[WHAT THE EXERCISE ASKS] Please print nothing but the lines from the one containing "External HDD Enclosure" to the final line below, exactly, and no pictures.

[Items from a data source]
"""
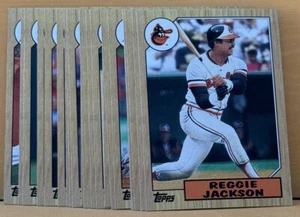 2012 Topps 1987 Mini Lot (114) Total Cards (80) Different Reggie Seaver Cobb +++ - Picture 1 of 6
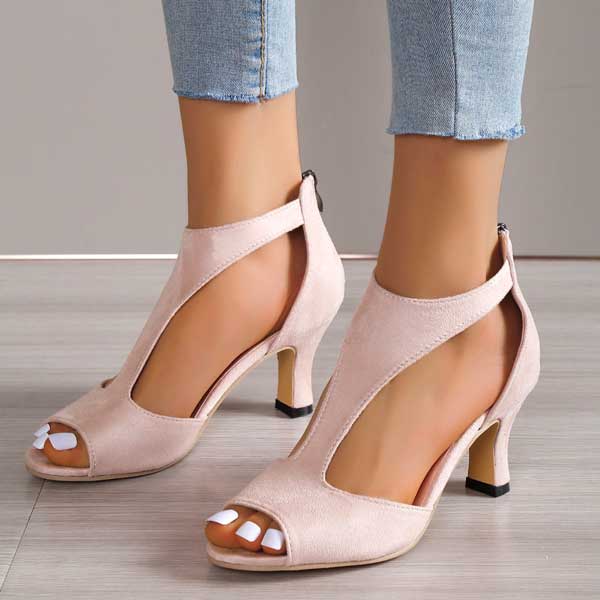 Volmena™ | Orthopedische Sandalen met Hak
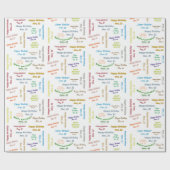 November 2012, cadeaupapier voor cadeautjes (Vlak)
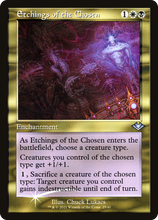 Etchings of the Chosen (Retro Foil Etched) [Modern Horizons]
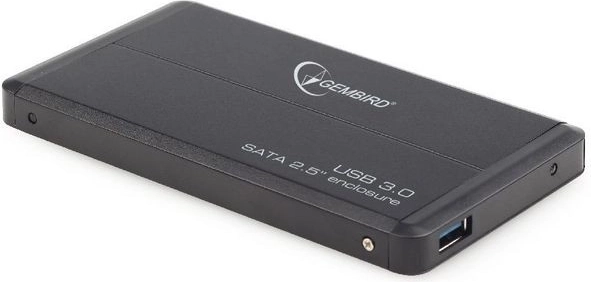 External HDD Enclosure 2.5'' SATA USB 3.0 Black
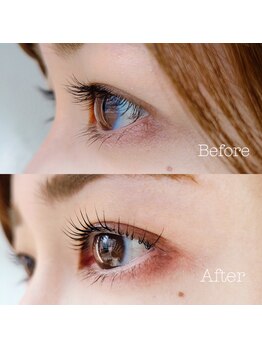 カラーアイラッシュ(Color eyelash)/アップフォースリフト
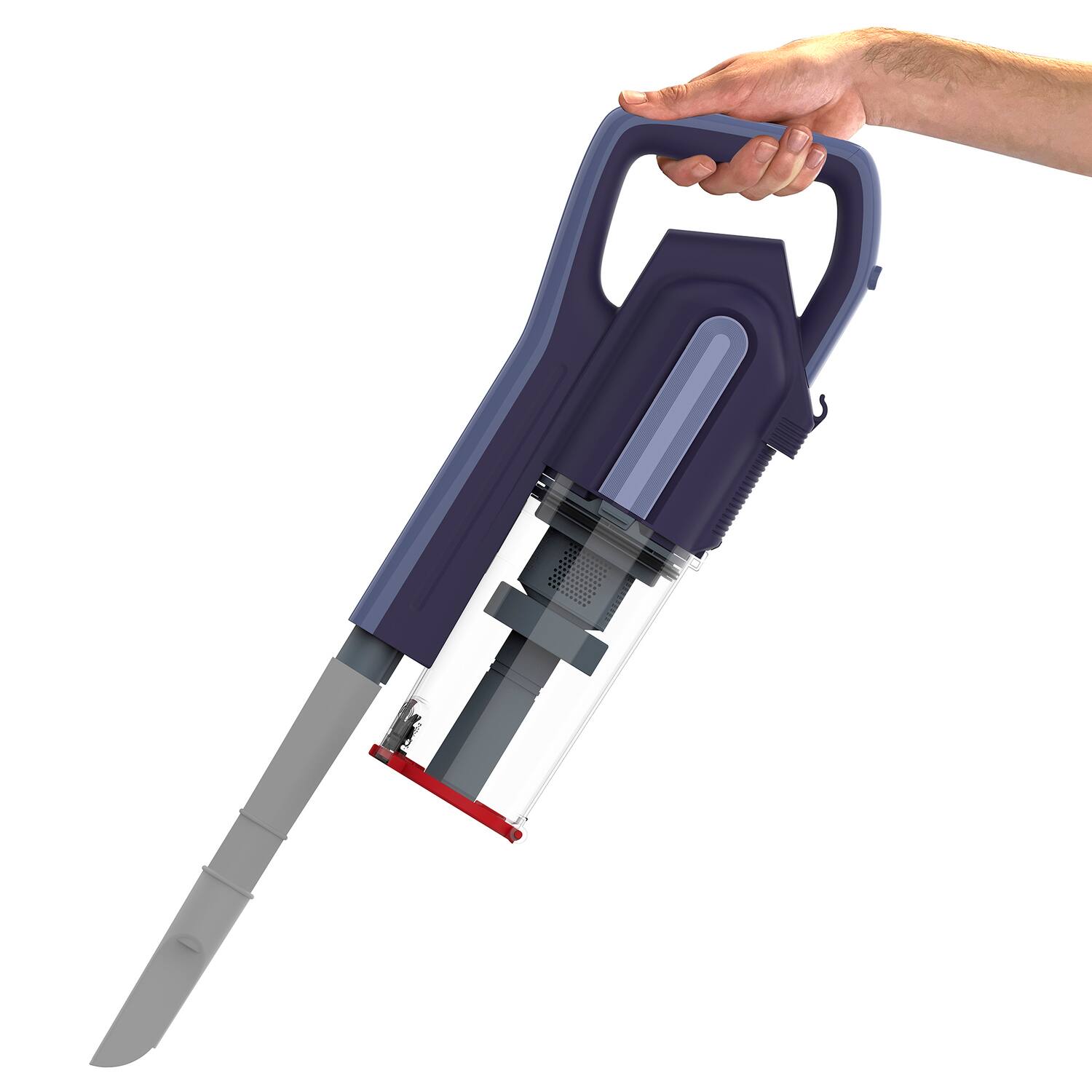 Alt View 2. Koblenz - Scorpio 3-in-1 Corded Cyclonic Vacuum SVK-165 - Gray/Purple.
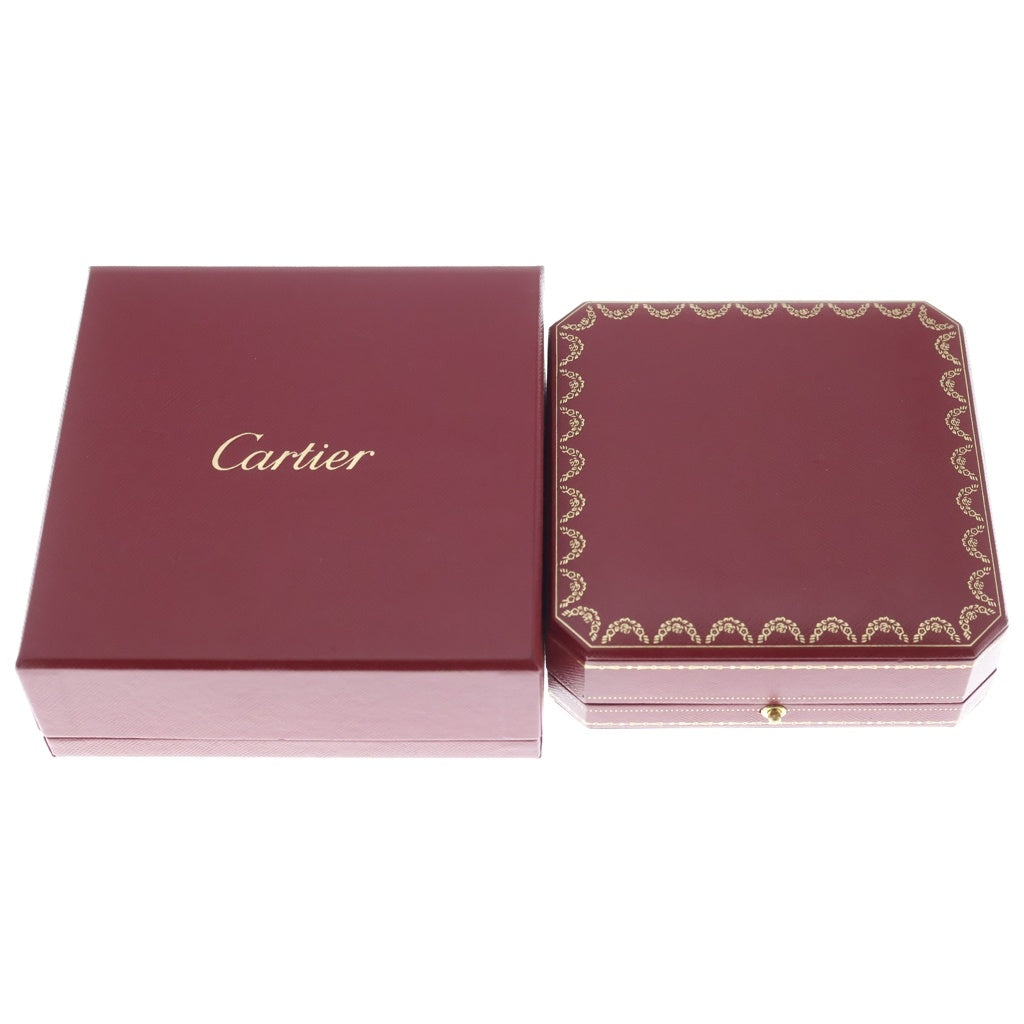 Cartier(カルティエ) 18KYG Caresse d'Orchidees par Necklace カレス ドルキデ パル ダイヤモンド ペンダント ネックレス イエローゴールド レディース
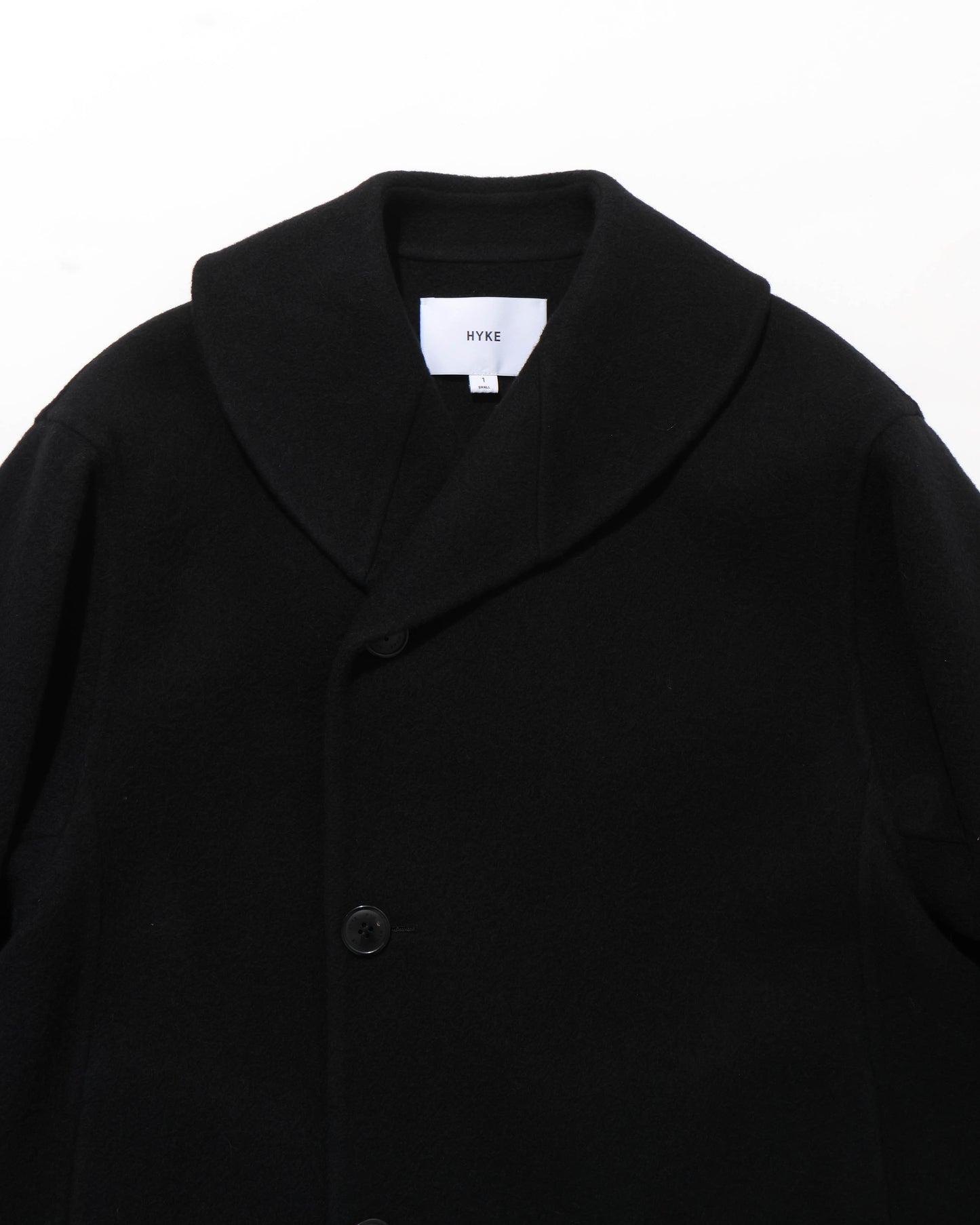 DOUBLE FACE SHAWL COLLAR COAT 17546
"""
[EXERCISE ANSWER]
 External HDD Enclosure 2.5'' SATA USB 3.0 Black
 カラーアイラッシュ(Color eyelash)/アップフォースリフト
 Alt View 2. Koblenz - Scorpio 3-in-1 Corded Cyclonic Vacuum SVK-165 - Gray/Purple.
 Cartier(カルティエ) 18KYG Caresse d'Orchidees par Necklace カレス ドルキデ パル ダイヤモンド ペンダント ネックレス イエローゴールド レディース
 DOUBLE FACE SHAWL COLLAR COAT 17546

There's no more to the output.